#### [Exercise details]
Only the lines from the one containing "Read Captain Tsubasa En Manga Online" to the end of the data below belong in the answer, each repeated exactly; no pictures.

#### [Provided entries]
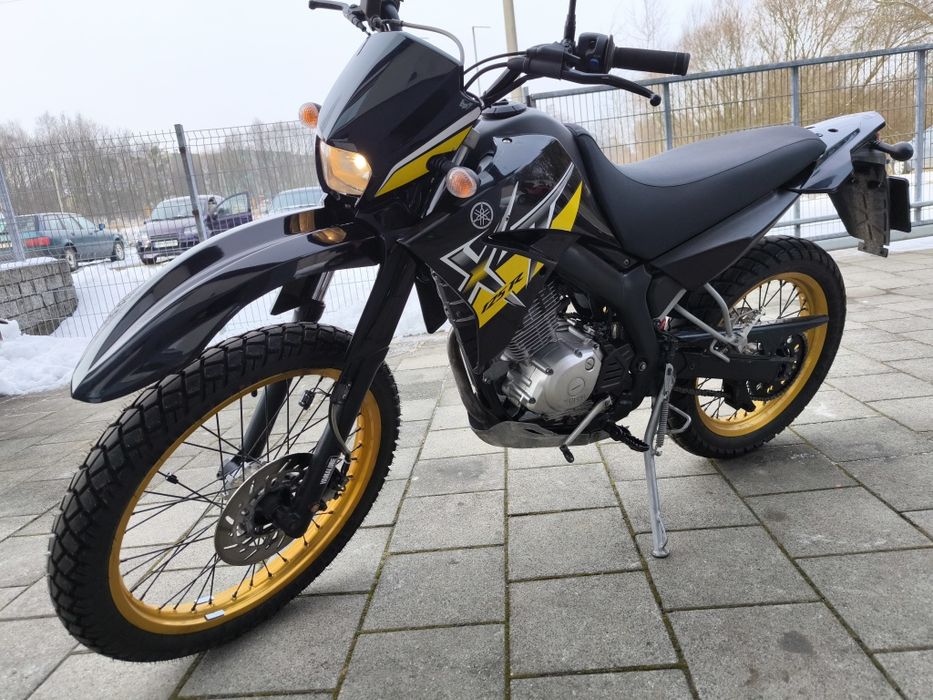Yamaha XT125R ładna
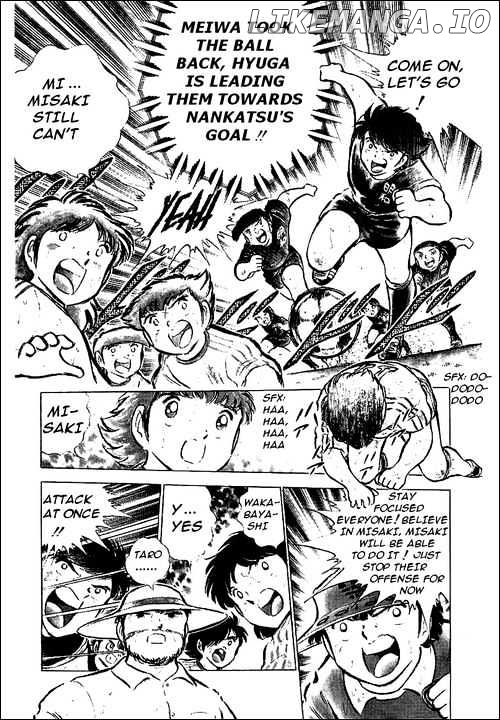 Read Captain Tsubasa En Manga Online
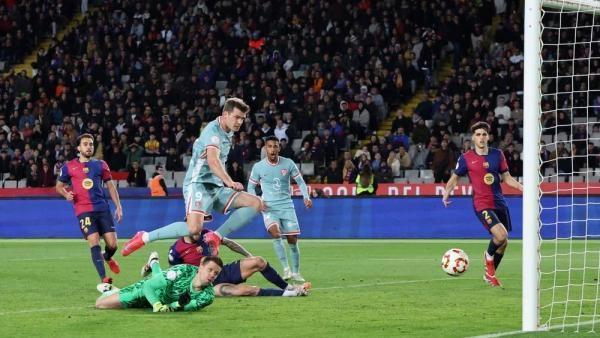 ألكسندر سورلوث: العدو اللدود لبرشلونة في الكرة الأوروبية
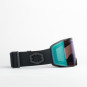 GOGLE OUT OF ELECTRA 3 BLACK, IRID GREEN (S1-S3)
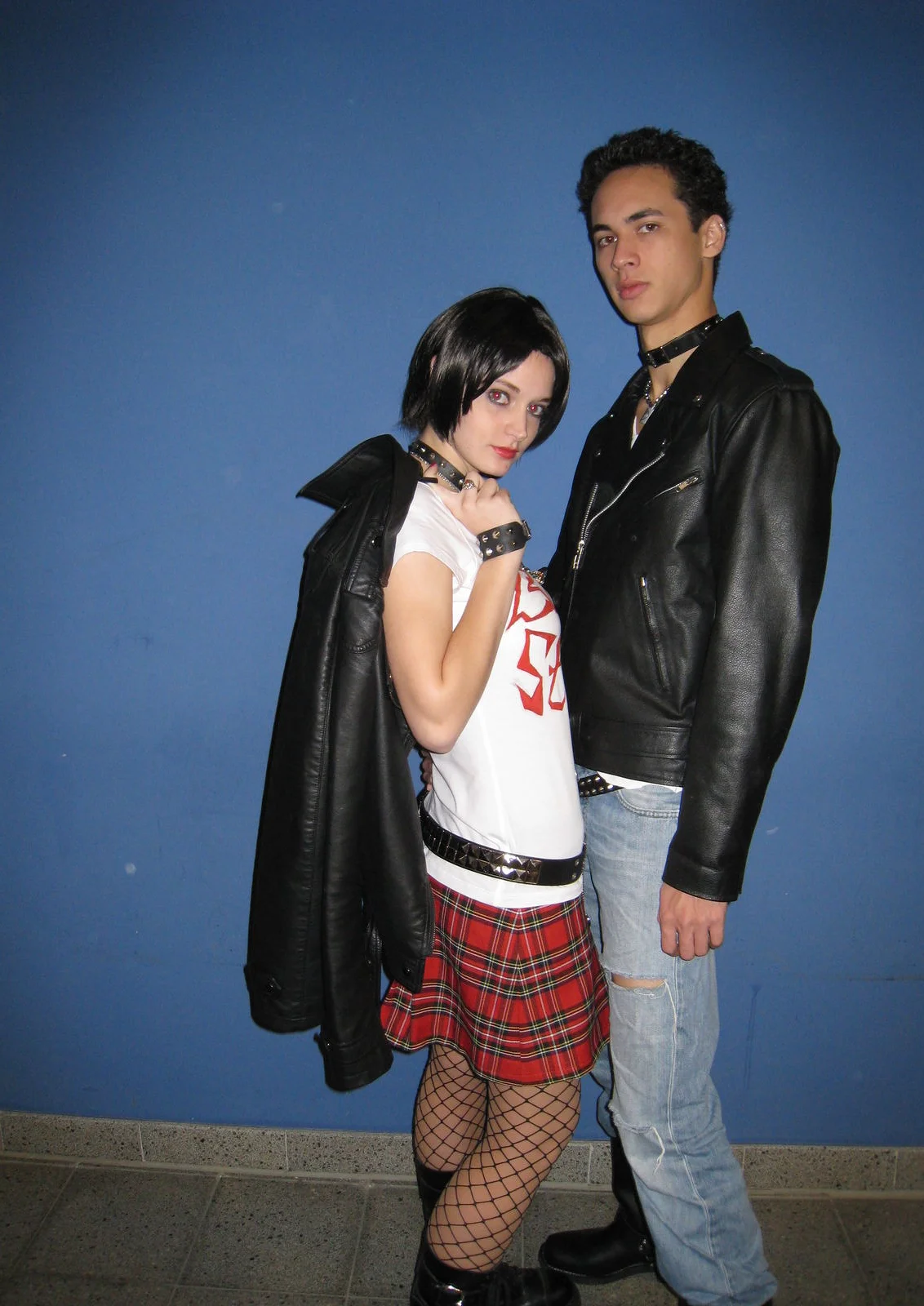 Cosplay-Cover: Ren Honjou w/ Nana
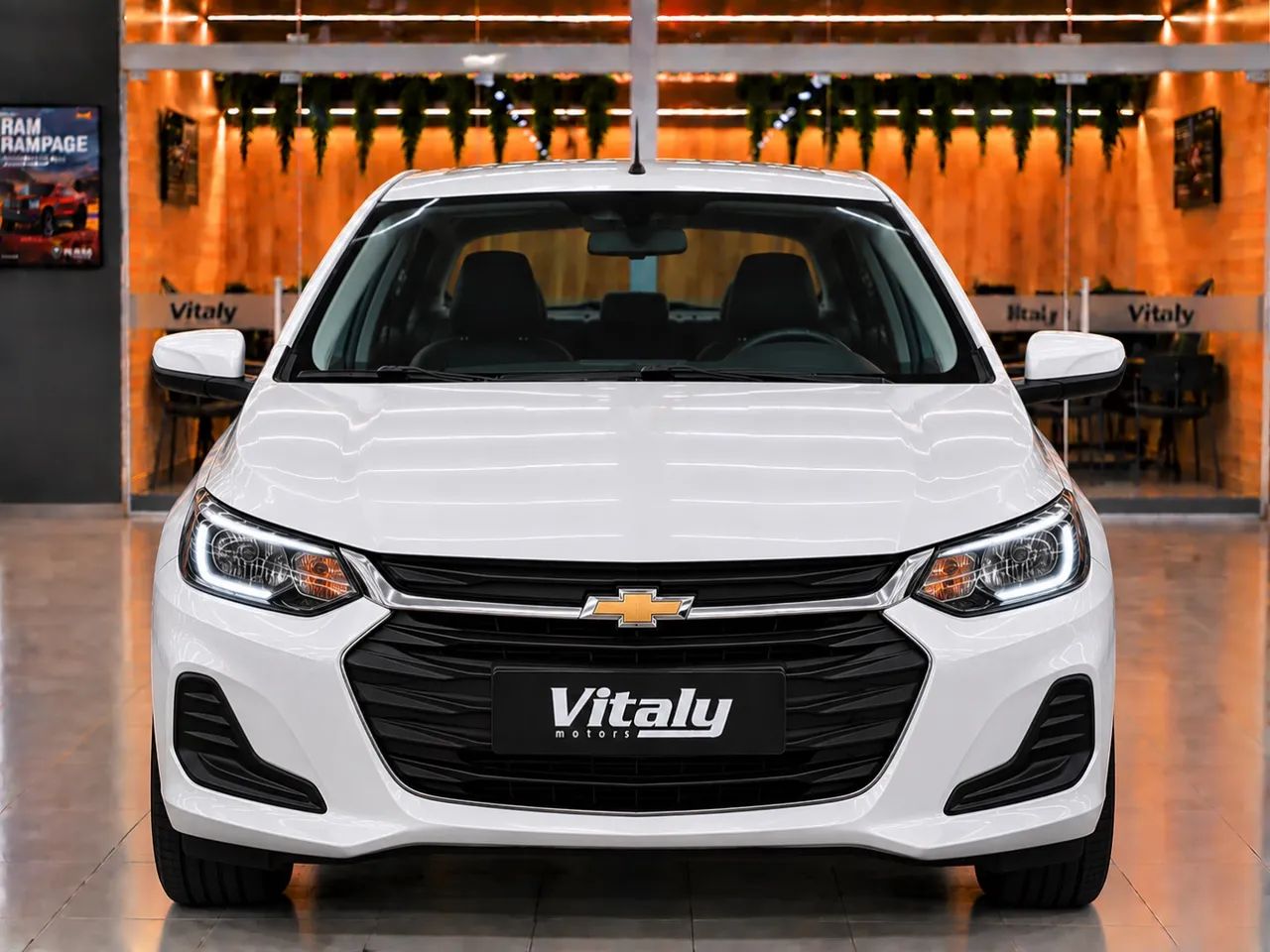 Chevrolet Joy JOY Plus Black Ed.1.0 8V 4p Flex Mec. 2021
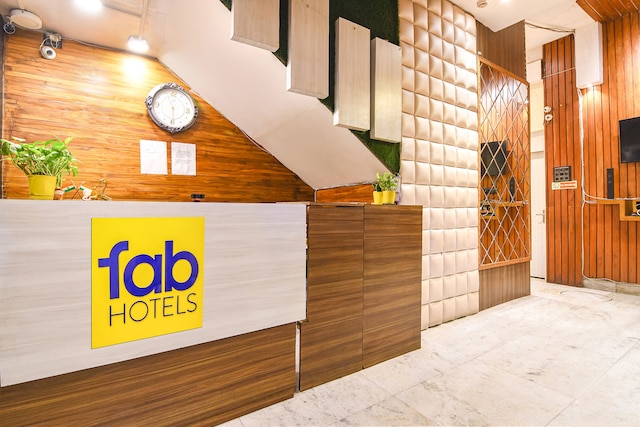 ファブホテル マリーナ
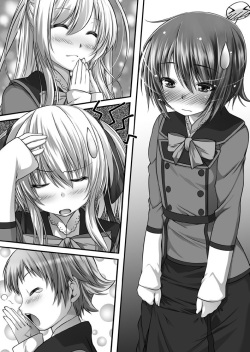 [Ueda Nagano × Takase Muh] Boku ga Isekai no Nyotei da Nante Zettai Muri! [Digital] page 6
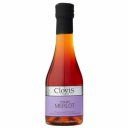 Ξίδι CLOVIS από κόκκινο κρασί Merlot (250ml)
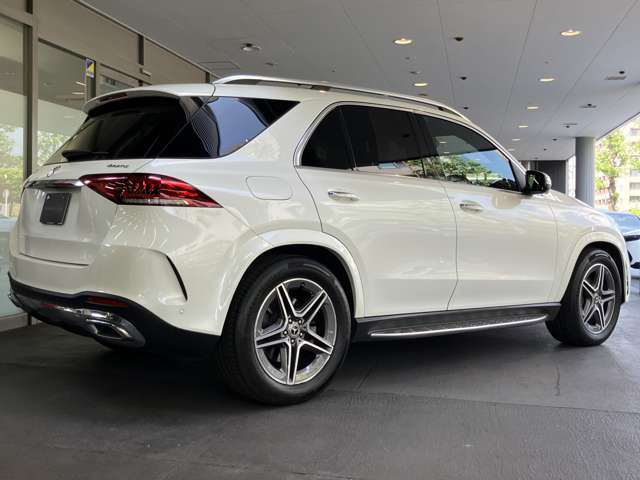 GLE400d 4マチック スポーツ 4WD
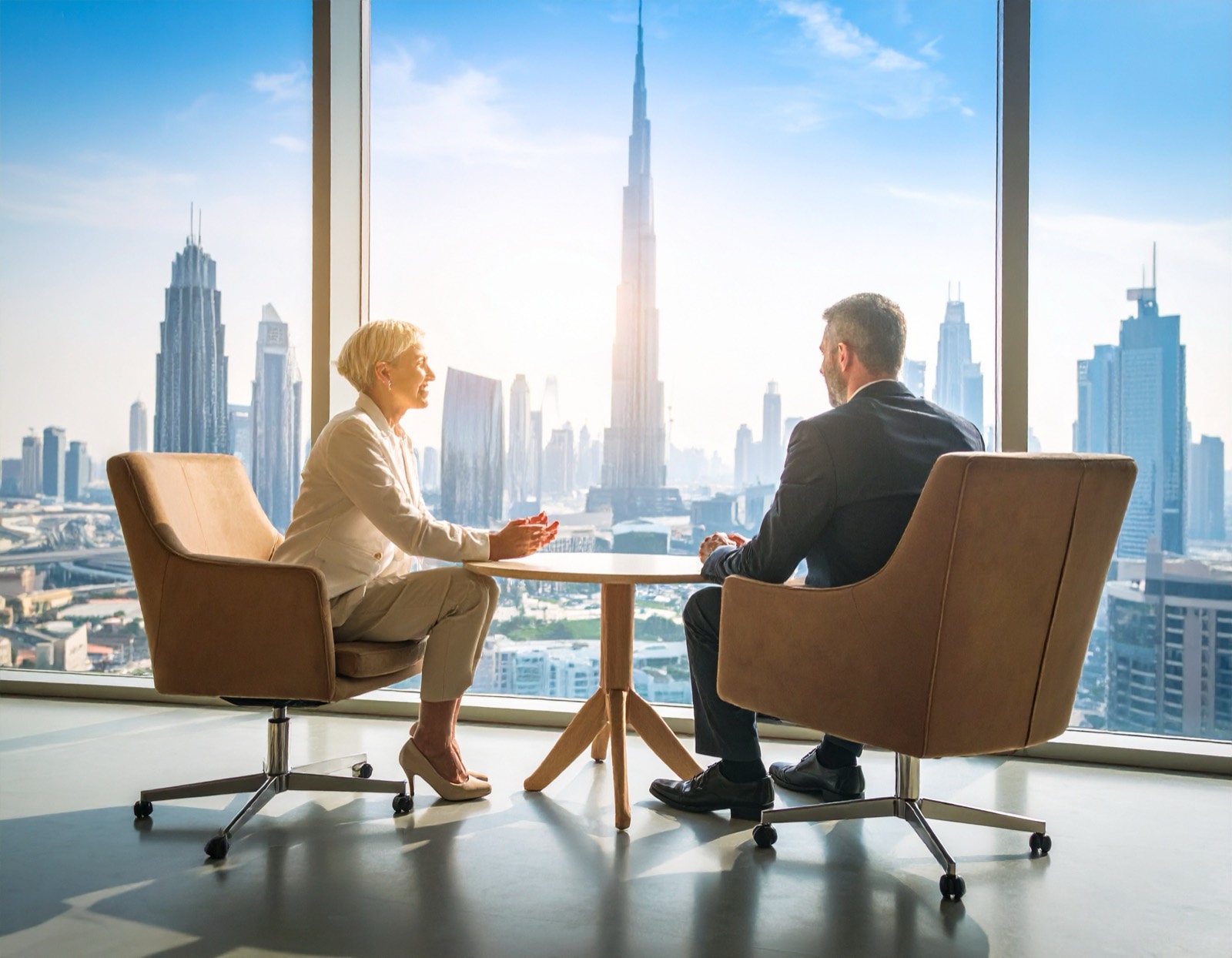 HOW WE SUPPORT BUYERS — Home Financing in Dubai guidance from Mitchell's Realty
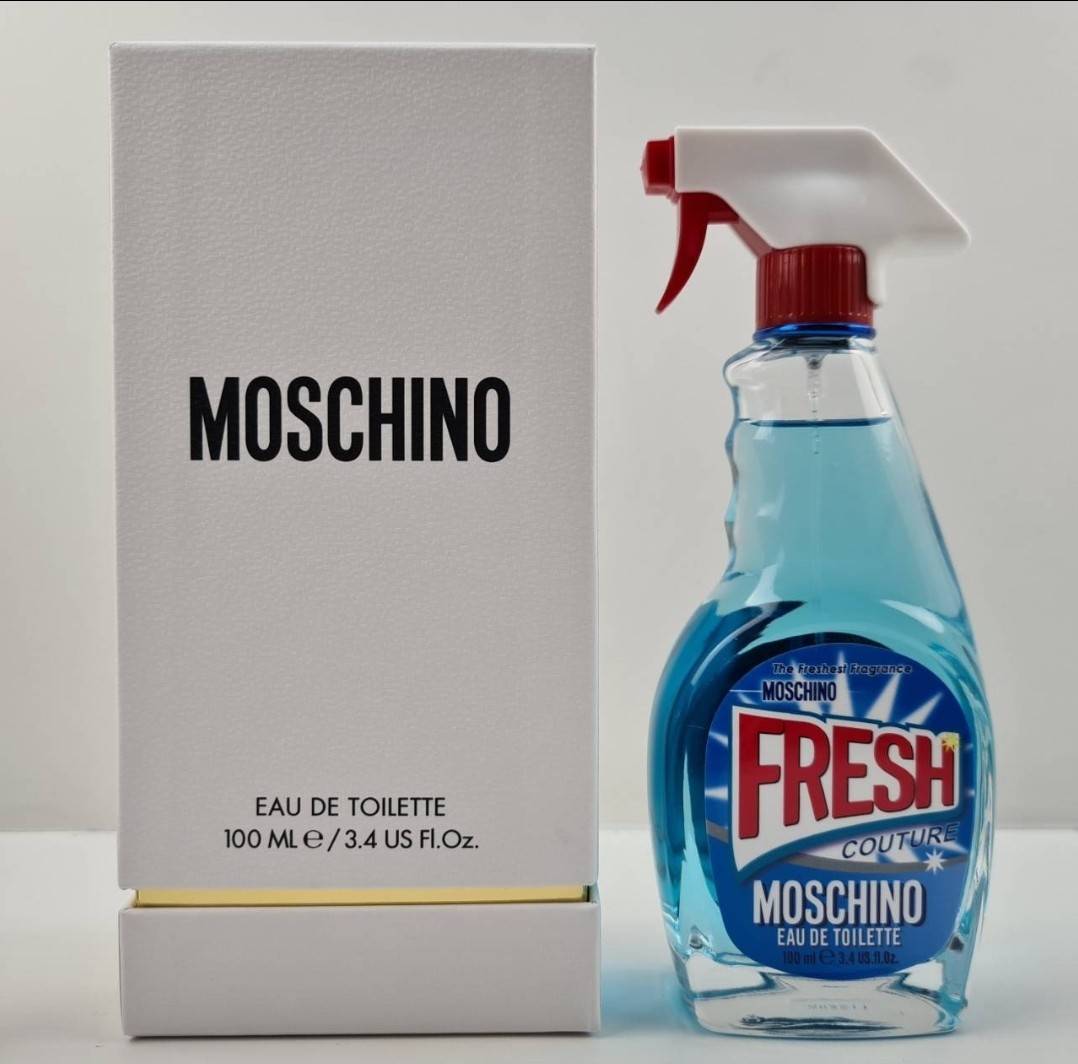 น้ำหอมแท้แบ่งขาย Moschino Fresh Couture.💕Travel Size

#### [Answer for this exercise]
 Read Captain Tsubasa En Manga Online
 ألكسندر سورلوث: العدو اللدود لبرشلونة في الكرة الأوروبية
 GOGLE OUT OF ELECTRA 3 BLACK, IRID GREEN (S1-S3)
 Cosplay-Cover: Ren Honjou w/ Nana
 Chevrolet Joy JOY Plus Black Ed.1.0 8V 4p Flex Mec. 2021
 ファブホテル マリーナ
 [Ueda Nagano × Takase Muh] Boku ga Isekai no Nyotei da Nante Zettai Muri! [Digital] page 6
 Ξίδι CLOVIS από κόκκινο κρασί Merlot (250ml)
 GLE400d 4マチック スポーツ 4WD
 HOW WE SUPPORT BUYERS — Home Financing in Dubai guidance from Mitchell's Realty
 น้ำหอมแท้แบ่งขาย Moschino Fresh Couture.💕Travel Size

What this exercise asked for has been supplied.